* _Task brief_:
Write out the listing beneath this instruction in its entirety, exactly as it reads.
□ □ □ □ □
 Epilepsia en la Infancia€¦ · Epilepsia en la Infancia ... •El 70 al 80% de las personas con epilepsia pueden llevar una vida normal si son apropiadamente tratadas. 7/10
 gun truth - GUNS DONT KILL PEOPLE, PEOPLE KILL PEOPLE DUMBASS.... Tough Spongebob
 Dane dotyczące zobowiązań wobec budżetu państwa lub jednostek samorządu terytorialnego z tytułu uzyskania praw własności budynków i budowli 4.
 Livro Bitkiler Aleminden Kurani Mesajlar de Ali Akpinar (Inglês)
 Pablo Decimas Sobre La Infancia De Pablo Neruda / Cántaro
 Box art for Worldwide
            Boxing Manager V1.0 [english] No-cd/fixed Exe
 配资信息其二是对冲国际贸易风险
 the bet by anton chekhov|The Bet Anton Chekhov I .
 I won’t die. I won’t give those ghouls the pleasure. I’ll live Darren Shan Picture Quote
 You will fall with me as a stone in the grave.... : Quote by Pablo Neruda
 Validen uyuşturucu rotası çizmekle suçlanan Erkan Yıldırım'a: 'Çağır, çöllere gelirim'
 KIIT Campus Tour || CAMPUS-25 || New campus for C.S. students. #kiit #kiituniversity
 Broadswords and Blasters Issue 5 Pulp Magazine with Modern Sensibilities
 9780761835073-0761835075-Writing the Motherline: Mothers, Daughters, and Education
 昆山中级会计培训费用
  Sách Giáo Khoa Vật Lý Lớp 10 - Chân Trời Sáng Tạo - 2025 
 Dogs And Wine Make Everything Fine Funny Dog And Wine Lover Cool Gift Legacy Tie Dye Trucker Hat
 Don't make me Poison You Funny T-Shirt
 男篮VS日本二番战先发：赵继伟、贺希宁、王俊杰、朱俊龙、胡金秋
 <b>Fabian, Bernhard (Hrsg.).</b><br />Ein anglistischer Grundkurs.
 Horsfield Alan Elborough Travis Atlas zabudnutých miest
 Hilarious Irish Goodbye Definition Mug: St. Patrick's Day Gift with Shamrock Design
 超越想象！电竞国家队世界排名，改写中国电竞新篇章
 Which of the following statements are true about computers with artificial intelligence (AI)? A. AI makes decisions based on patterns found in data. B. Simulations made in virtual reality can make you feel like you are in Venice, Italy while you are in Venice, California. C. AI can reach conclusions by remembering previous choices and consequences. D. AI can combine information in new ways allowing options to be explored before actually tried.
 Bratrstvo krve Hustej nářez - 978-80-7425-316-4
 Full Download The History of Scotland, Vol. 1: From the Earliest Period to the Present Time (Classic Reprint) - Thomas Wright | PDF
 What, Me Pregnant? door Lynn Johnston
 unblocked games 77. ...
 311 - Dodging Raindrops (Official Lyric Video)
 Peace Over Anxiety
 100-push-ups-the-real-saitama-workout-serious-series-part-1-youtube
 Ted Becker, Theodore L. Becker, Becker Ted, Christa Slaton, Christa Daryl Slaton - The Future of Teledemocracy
□ □ □ □ □
* _Result of the exercise_:
 Epilepsia en la Infancia€¦ · Epilepsia en la Infancia ... •El 70 al 80% de las personas con epilepsia pueden llevar una vida normal si son apropiadamente tratadas. 7/10
 gun truth - GUNS DONT KILL PEOPLE, PEOPLE KILL PEOPLE DUMBASS.... Tough Spongebob
 Dane dotyczące zobowiązań wobec budżetu państwa lub jednostek samorządu terytorialnego z tytułu uzyskania praw własności budynków i budowli 4.
 Livro Bitkiler Aleminden Kurani Mesajlar de Ali Akpinar (Inglês)
 Pablo Decimas Sobre La Infancia De Pablo Neruda / Cántaro
 Box art for Worldwide
            Boxing Manager V1.0 [english] No-cd/fixed Exe
 配资信息其二是对冲国际贸易风险
 the bet by anton chekhov|The Bet Anton Chekhov I .
 I won’t die. I won’t give those ghouls the pleasure. I’ll live Darren Shan Picture Quote
 You will fall with me as a stone in the grave.... : Quote by Pablo Neruda
 Validen uyuşturucu rotası çizmekle suçlanan Erkan Yıldırım'a: 'Çağır, çöllere gelirim'
 KIIT Campus Tour || CAMPUS-25 || New campus for C.S. students. #kiit #kiituniversity
 Broadswords and Blasters Issue 5 Pulp Magazine with Modern Sensibilities
 9780761835073-0761835075-Writing the Motherline: Mothers, Daughters, and Education
 昆山中级会计培训费用
  Sách Giáo Khoa Vật Lý Lớp 10 - Chân Trời Sáng Tạo - 2025 
 Dogs And Wine Make Everything Fine Funny Dog And Wine Lover Cool Gift Legacy Tie Dye Trucker Hat
 Don't make me Poison You Funny T-Shirt
 男篮VS日本二番战先发：赵继伟、贺希宁、王俊杰、朱俊龙、胡金秋
 <b>Fabian, Bernhard (Hrsg.).</b><br />Ein anglistischer Grundkurs.
 Horsfield Alan Elborough Travis Atlas zabudnutých miest
 Hilarious Irish Goodbye Definition Mug: St. Patrick's Day Gift with Shamrock Design
 超越想象！电竞国家队世界排名，改写中国电竞新篇章
 Which of the following statements are true about computers with artificial intelligence (AI)? A. AI makes decisions based on patterns found in data. B. Simulations made in virtual reality can make you feel like you are in Venice, Italy while you are in Venice, California. C. AI can reach conclusions by remembering previous choices and consequences. D. AI can combine information in new ways allowing options to be explored before actually tried.
 Bratrstvo krve Hustej nářez - 978-80-7425-316-4
 Full Download The History of Scotland, Vol. 1: From the Earliest Period to the Present Time (Classic Reprint) - Thomas Wright | PDF
 What, Me Pregnant? door Lynn Johnston
 unblocked games 77. ...
 311 - Dodging Raindrops (Official Lyric Video)
 Peace Over Anxiety
 100-push-ups-the-real-saitama-workout-serious-series-part-1-youtube
 Ted Becker, Theodore L. Becker, Becker Ted, Christa Slaton, Christa Daryl Slaton - The Future of Teledemocracy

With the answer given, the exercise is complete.